The data-generating process

Nodes are scattered uniformly in the unit square. Edges connect pairs within a fixed radius, with a spanning tree overlaid for connectivity. Demonstrations are drawn from the finite-lookahead policy at the true reward. Each demonstrator draws 300 agents over 40 periods, 10 replications, on a 25-node graph.
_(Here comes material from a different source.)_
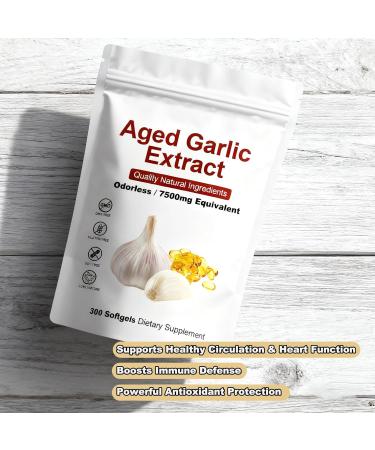 Shrandi Elare Aged Garlic Extract 7500mg Odorless - Organic Aged Garlic Extract Capsules for Heart & Immune Antioxidant Supplements Non-GMO Gluten-Free Vegetarian 300 Softgels - Buy Online on GoSupps.com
The finite-lookahead demonstrators are genuinely between the two endpoints. The \(h=1\) demonstrator sits 0.033 from the \(H=0\) policy and 0.089 from the \(H=\infty\) policy. The \(h=2\) demonstrator sits 0.054 from the \(H=0\) policy and 0.066 from the \(H=\infty\) policy. The \(h=3\) demonstrator sits 0.070 from the \(H=0\) policy and 0.052 from the \(H=\infty\) policy.

Result

Policy total variation between the recovered policy and the true demonstrator policy, by estimator horizon (rows) and demonstrator lookahead. The best horizon in each row is in bold.

Demonstrator

\(H=0\)

\(H=1\)

\(H=2\)

\(H=3\)

\(H=5\)

\(H=\infty\)

lookahead \(h=1\)

0.0330

0.0114

0.0281

0.0362

0.0473

0.0602

lookahead \(h=2\)

0.0517

0.0304

0.0128

0.0179

0.0283

0.0422

lookahead \(h=3\)

0.0624

0.0401

0.0210

0.0130

0.0174

0.0314

The recovery-optimal estimator horizon is interior and tracks the demonstrator’s lookahead exactly: \(h=1 \to H=1\), \(h=2 \to H=2\), \(h=3 \to H=3\). In every case both endpoints, the myopic \(H=0\) and the fully stochastic \(H=\infty\), are worse. Neither classic method dominates. The matching horizon recovers the behavior, and the optimal horizon moves with the demonstrator.

RHIP recovers the demonstrator's planning horizon

The star on each curve marks the lowest-error horizon. The two stars sit at different horizons, one per demonstrator. This is the planning horizon working as an identifiable behavioral parameter, the synthetic analog of the interior optimum the source paper finds on real route data.

Reproduce

python scripts/study_rhip_lookahead.py            # run + write JSON + page + figure
python scripts/study_rhip_lookahead.py --page      # re-render from the saved JSON

Results file: validation/results/study_rhip_lookahead.json.